> _Exercise data_:

┌──

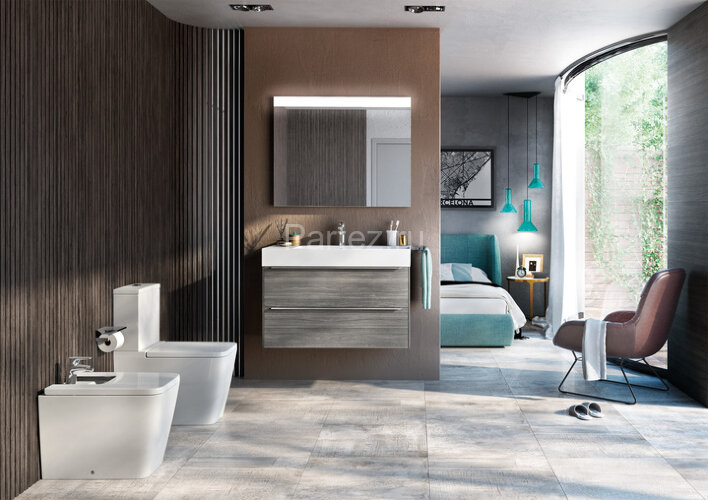 Биде напольное Roca INSPIRA SQUARE, квадратное (7.3575.3.700.0)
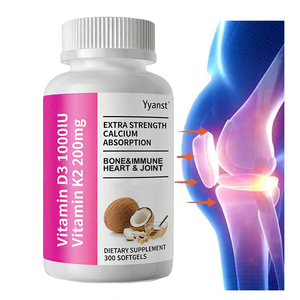 OEM/ODM Pure Vegan Essence Softgel Capsules Support Bone Heart Health <b>Vitamin</b> D3 K2 Adult Use Low-Fat Extra Strength Calcium - Product Image 1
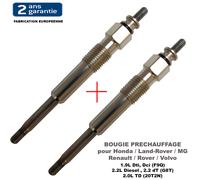 2 Candelette Di Riscaldamento Per NEWPARTS Rover 25 45 220 420 620 2.0 Di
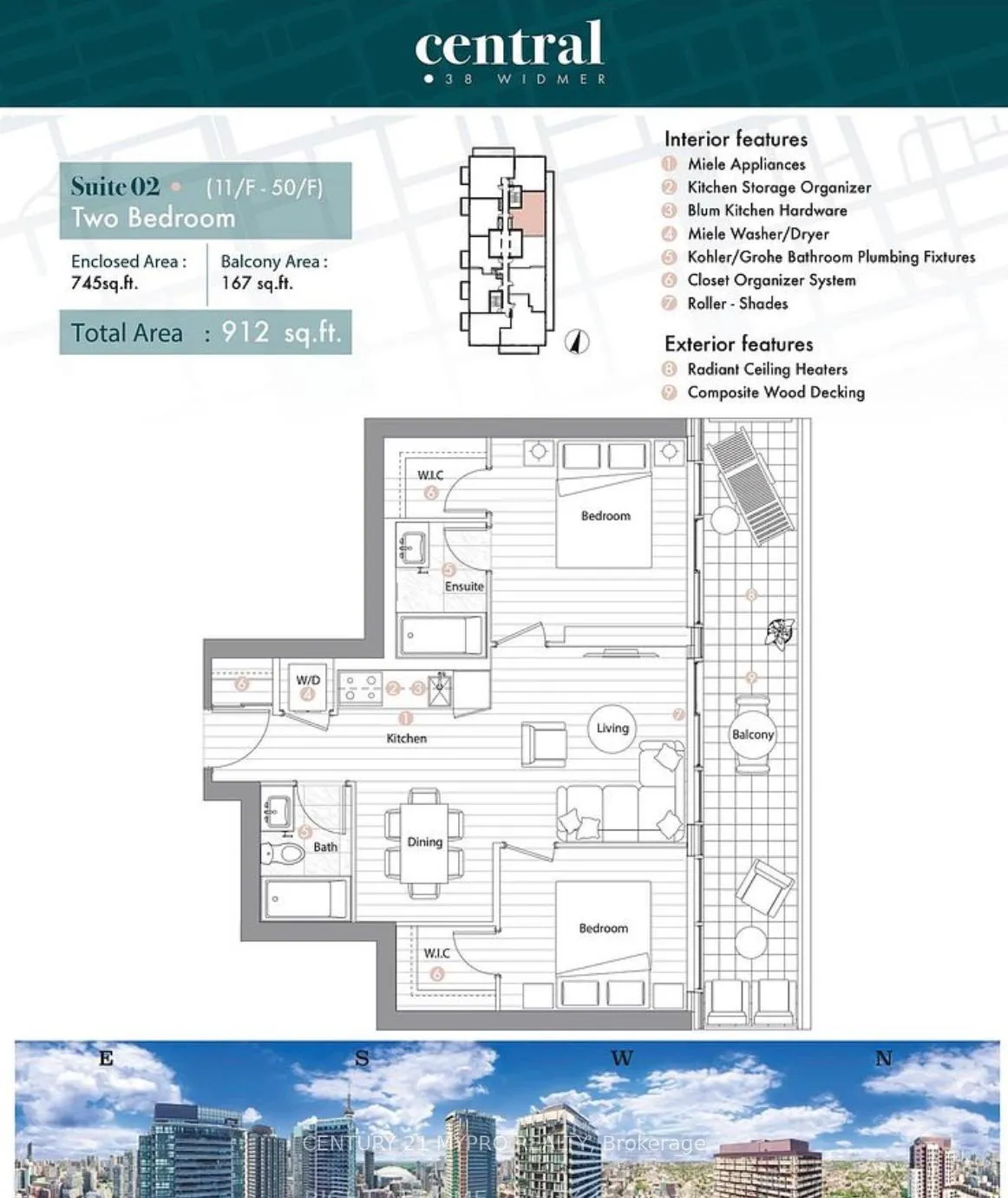 Front of Unit 4202, 38 Widmer Street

└──

Look at the listing and set down only the lines from its start through the line with "OEM/ODM Pure Vegan", word for word and without pictures.

 Биде напольное Roca INSPIRA SQUARE, квадратное (7.3575.3.700.0)
 OEM/ODM Pure Vegan Essence Softgel Capsules Support Bone Heart Health <b>Vitamin</b> D3 K2 Adult Use Low-Fat Extra Strength Calcium - Product Image 1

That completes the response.